All last week we watched Ike. It crossed Cuba moving into the Gulf with his sights on the Texas coast. The next couple of days tracked a course more east and north. We debated about what to do. Do we leave or do we stay? What’s in the best interest for the kids? Mom went to Austin with a friend. My mother-in-law was already out of town on vacation. As of Thursday night, our plan was to stay. Friday morning brought a new plan. After gathering more information, we decided to go west and at least ride out the storm on the west side. We found a hotel where we could stay with the dogs. Did you know the La Quinta is pet friendly? There was actually a family with seven dogs staying a few rooms down from us. I didn’t feel so bad with just two dogs! We sat around the hotel waiting for the storm. The kids took a dip in the pool and then we ordered pizza. The kids and Jo watched a movie while I conversed on Facebook.
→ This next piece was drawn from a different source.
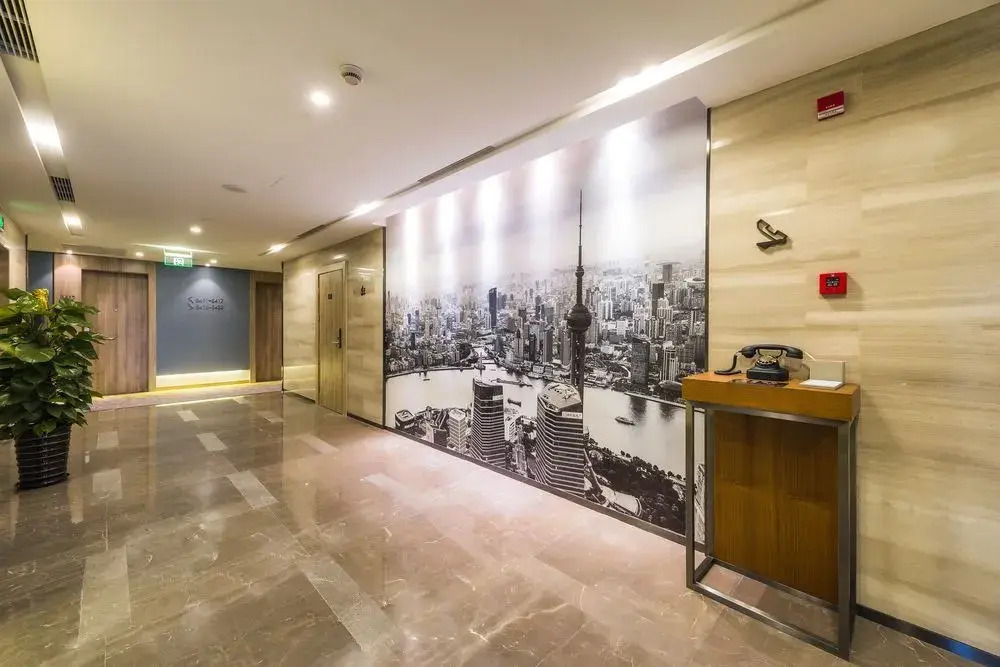 Atour Hotel North Bund Shanghai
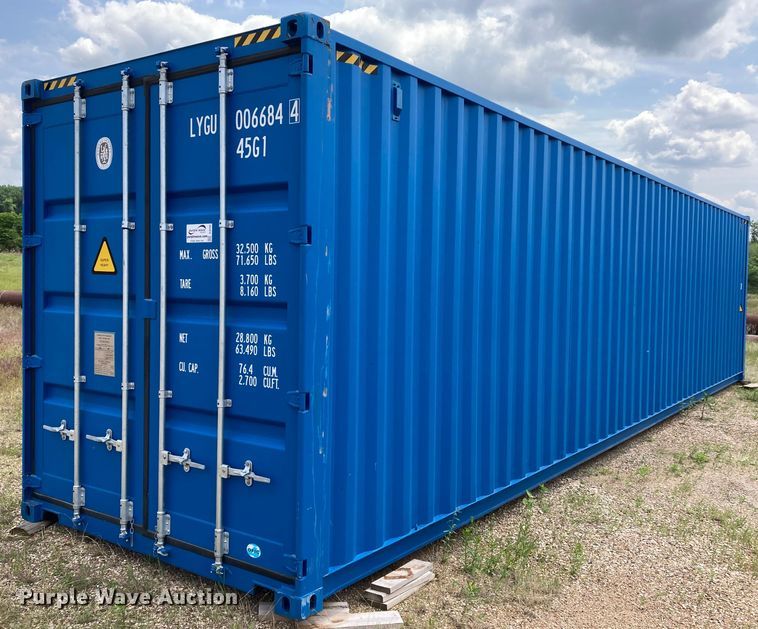 2021 Dongfang H030AJ/5-AA  storage container - DJ6164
We enjoyed the luxury of electricity and air conditioning until almost 5:00 a.m. – then the lights finally went out.
We went down to the lobby to have breakfast – they’d made coffee just before the lights went out. We sat in the dark eating our meal. We ran into a snag at the hotel. Once the lights went out, there was no plumbing available. The restrooms were equipped with power flush commodes. These toilets are great on conserving water, but when there is no power there’s no flush. By noon, the rain and the wind had subsided and we made the decision to return to the house. After and interesting drive home, we arrived in Baytown about two hours later. As we drove into Devinwood, we were pleasantly pleased to find the condition of our house.
The stories are many. We have friends that lost everything and others who incurred minimal damage. Our dependence on electricity is a definitely reality. We are so geared to a lifestyle sustained by technology and communication. There is minimal power available. At last count, 2.2 million customers are without power. There are many who only have a commitment of restored power within the next 30 days. School districts are closed indefinitely. Stores, banks, shopping, restaurants, and business are closed. Supplies are at a minimum, but there is hope as supplies are coming in daily.
Here’s the interesting thing to note. Our community is pulling together. Without electricity, the typical boundaries of communication aren’t available. People are outside; helping, talking and gathering with neighbors. There’s been an increase in personal communication and relational building with people. We’ve witnessed kind acts by others for others. Even in the midst of disaster, God is working. I’m confident He’ll do a great work in the days ahead.